» **Collected material**:
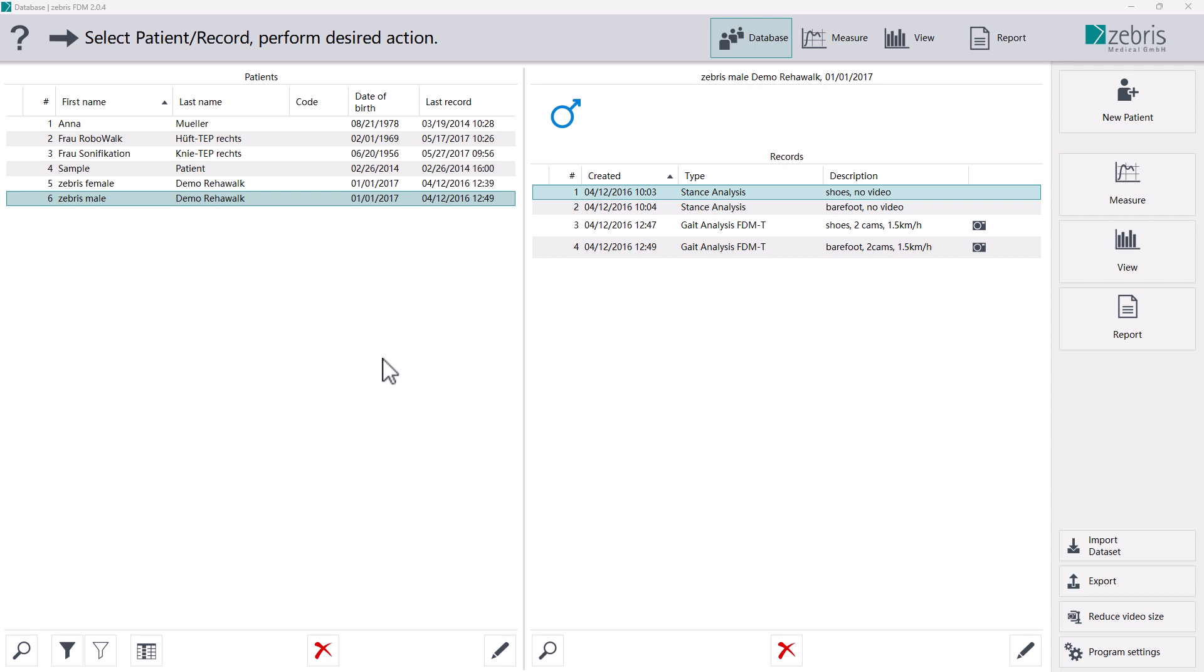Since video files can take up a lot of memory, there is an option in Zebris FDM software to reduce the file size of existing video recordings without noticeable loss of image quality. We have a manual and an automatic option.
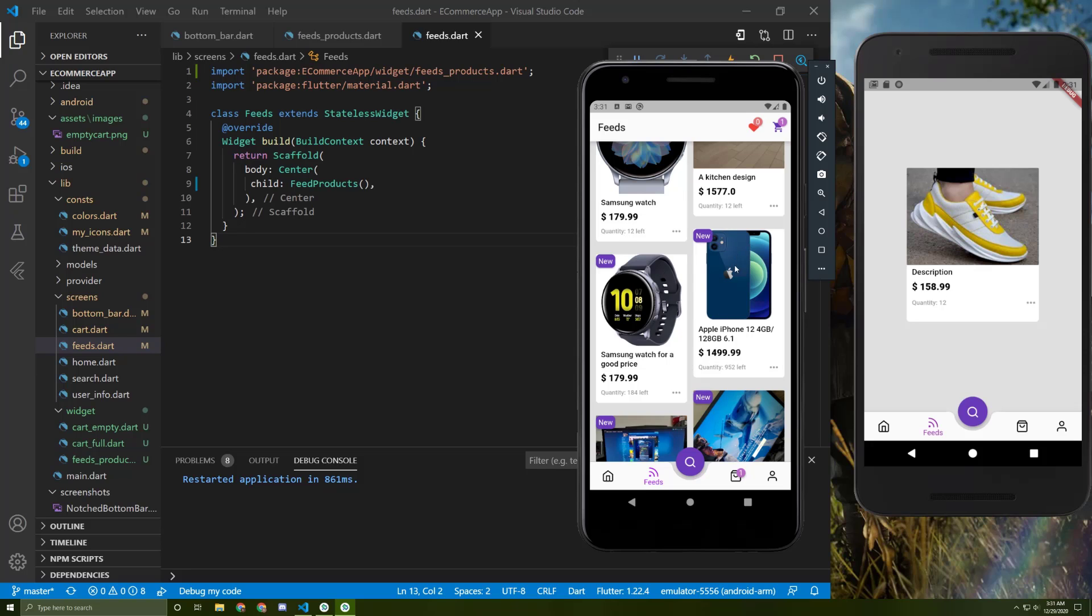So now let's build this grid view, this staggered grid view. But I will just create another design for now and create this design later. So let's get started.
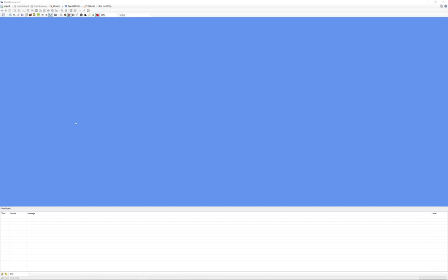Alright guys, I'm going to show you how to take FS 2004 models or any older model that wasn't made for Prepar3D version 4 or 5 and how to convert it. This will work for most models, not all, but it will work for the majority of the ones that haven't been officially converted.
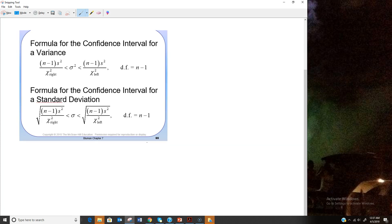For the confidence interval formulas for variance and standard deviation: for variance, the formula is (n-1)s² / chi-squared right less than sigma squared less than (n-1)s² / chi-squared left. Notice chi-squared left goes on the right side of the formula and chi-squared right goes on the left side. If you mix them up, you'll get the big number on the left and small on the right — just flip it around. If the problem asks for standard deviation, take the square root of both sides.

» **Exercise**: The lines from the one with "Alright guys, I'm" to the end of the data above should be retyped exactly, both ends included, and pictures are to be left out.

» **Worked solution**:
Alright guys, I'm going to show you how to take FS 2004 models or any older model that wasn't made for Prepar3D version 4 or 5 and how to convert it. This will work for most models, not all, but it will work for the majority of the ones that haven't been officially converted.
For the confidence interval formulas for variance and standard deviation: for variance, the formula is (n-1)s² / chi-squared right less than sigma squared less than (n-1)s² / chi-squared left. Notice chi-squared left goes on the right side of the formula and chi-squared right goes on the left side. If you mix them up, you'll get the big number on the left and small on the right — just flip it around. If the problem asks for standard deviation, take the square root of both sides.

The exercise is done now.